Re: [PATCH 1/9] sched/balancing: Switch the 'DEFINE_SPINLOCK(balancing)' spinlock into an 'atomic_t sched_balance_running' flag

From: Ingo Molnar
Date: Fri Mar 08 2024 - 04:49:13 EST



* Valentin Schneider <vschneid@xxxxxxxxxx> wrote:

> On 04/03/24 10:48, Ingo Molnar wrote:
> > The 'balancing' spinlock added in:
> >
> > 08c183f31bdb ("[PATCH] sched: add option to serialize load balancing")
> >
> > ... is taken when the SD_SERIALIZE flag is set in a domain, but in reality it
> > is a glorified global atomic flag serializing the load-balancing of
> > those domains.
> >
> > It doesn't have any explicit locking semantics per se: we just
> > spin_trylock() it.
> >
> > Turn it into a ... global atomic flag.
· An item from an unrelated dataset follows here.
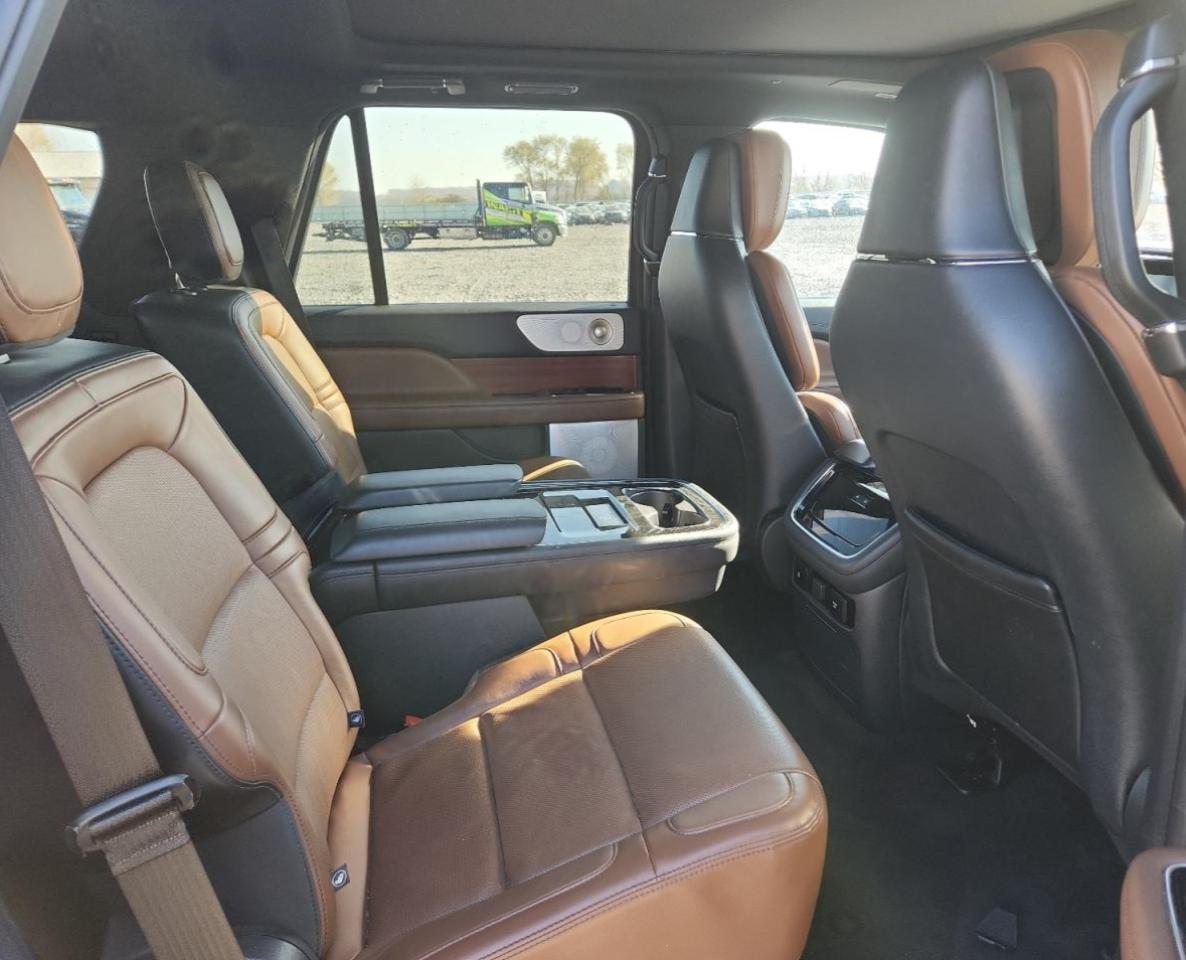 2024 Lincoln Navigator Reserve Cream vin: 5LMJJ2LG9REL11425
This makes it more
> > clear what is going on here, and reduces overhead and code
> > size a bit:
> >
> > # kernel/sched/fair.o: [x86-64 defconfig]
> >
> > text data bss dec hex filename
> > 60730 2721 104 63555 f843 fair.o.before
> > 60718 2721 104 63543 f837 fair.o.after
> >
> > Also document the flag a bit.
> >
> > No change in functionality intended.
> >
> > Signed-off-by: Ingo Molnar <mingo@xxxxxxxxxx>
> > Cc: Peter Zijlstra <peterz@xxxxxxxxxxxxx>
> > Cc: Vincent Guittot <vincent.guittot@xxxxxxxxxx>
> > Cc: Dietmar Eggemann <dietmar.eggemann@xxxxxxx>
> > Cc: Linus Torvalds <torvalds@xxxxxxxxxxxxxxxxxxxx>
> > Cc: Valentin Schneider <vschneid@xxxxxxxxxx>
>
> Few comment nits, otherwise:
>
> Reviewed-by: Valentin Schneider <vschneid@xxxxxxxxxx>

Thanks!

> > -static DEFINE_SPINLOCK(balancing);
> > +/*
> > + * This flag serializes load-balancing passes over large domains
> > + * (such as SD_NUMA) - only once load-balancing instance may run
> ^^^^
> s/once/one/
>
> Also, currently the flag is only set for domains above the NODE topology
> level, sd_init() will reject an architecture that forces SD_SERIALIZE in a
> topology level's ->sd_flags(), so what about:
>
> s/(such as SD_NUMA)/(above the NODE topology level)

Agreed & done.

> > + * at a time, to reduce overhead on very large systems with lots
> > + * of CPUs and large NUMA distances.
> > + *
> > + * - Note that load-balancing passes triggered while another one
> > + * is executing are skipped and not re-tried.
> > + *
> > + * - Also note that this does not serialize sched_balance_domains()
> ^^^^^^^^^^^^^^^^^^^^^
> Did you mean rebalance_domains()?

Correct, a later rename that unifies the nomenclature of all the
rebalancing functions along the sched_balance_*() prefix that I have not
posted yet crept back into this comment block, but obviously this patch
should refer to the current namespace. Fixed.

Thanks,

Ingo